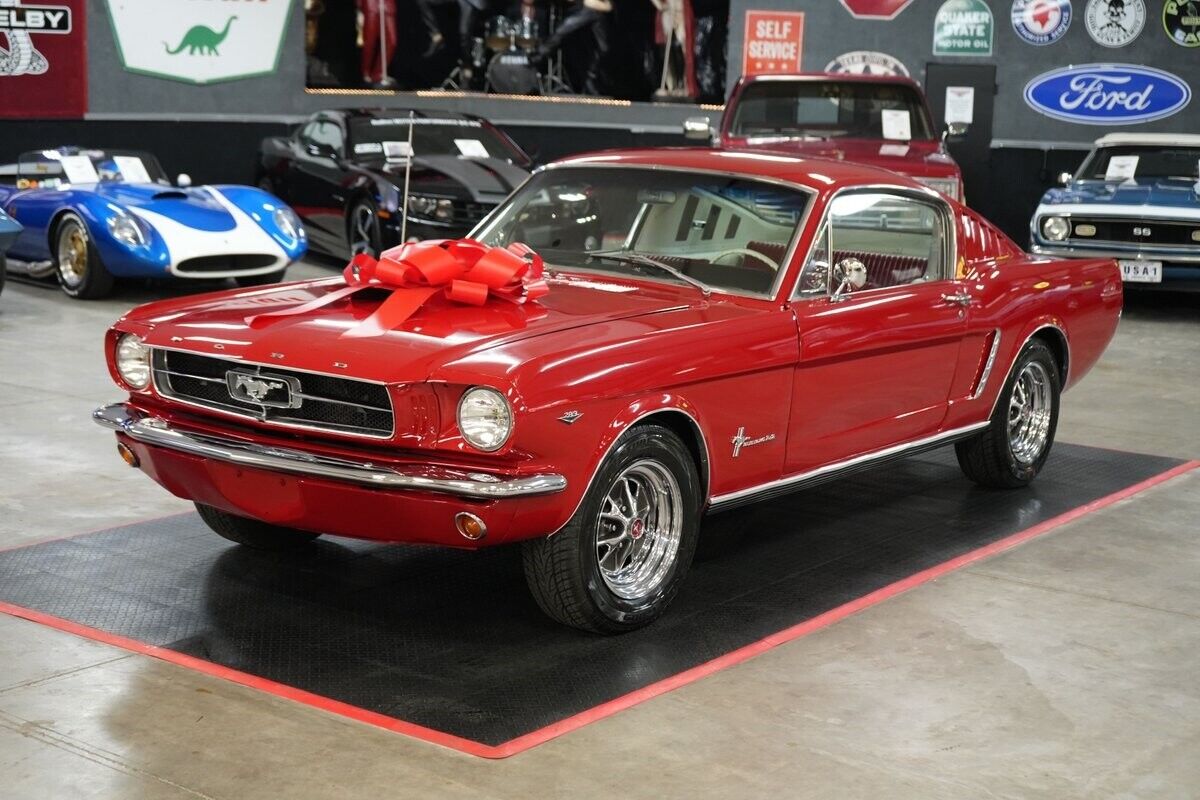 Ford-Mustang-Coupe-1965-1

==

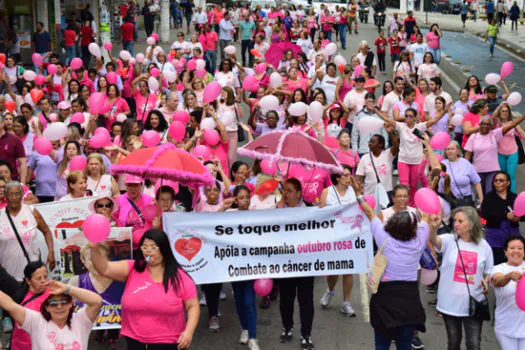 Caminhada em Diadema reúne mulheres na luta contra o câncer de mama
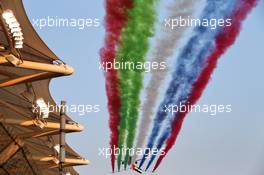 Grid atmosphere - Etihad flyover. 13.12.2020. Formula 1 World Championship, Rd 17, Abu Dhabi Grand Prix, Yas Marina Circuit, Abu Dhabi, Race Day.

Task instructions - Above are records; repeat only the lines from the line with "Caminhada em Diadema" through the line with "Grid atmosphere - Etihad", and leave pictures out.

Output for this exercise -
 Caminhada em Diadema reúne mulheres na luta contra o câncer de mama
 Grid atmosphere - Etihad flyover. 13.12.2020. Formula 1 World Championship, Rd 17, Abu Dhabi Grand Prix, Yas Marina Circuit, Abu Dhabi, Race Day.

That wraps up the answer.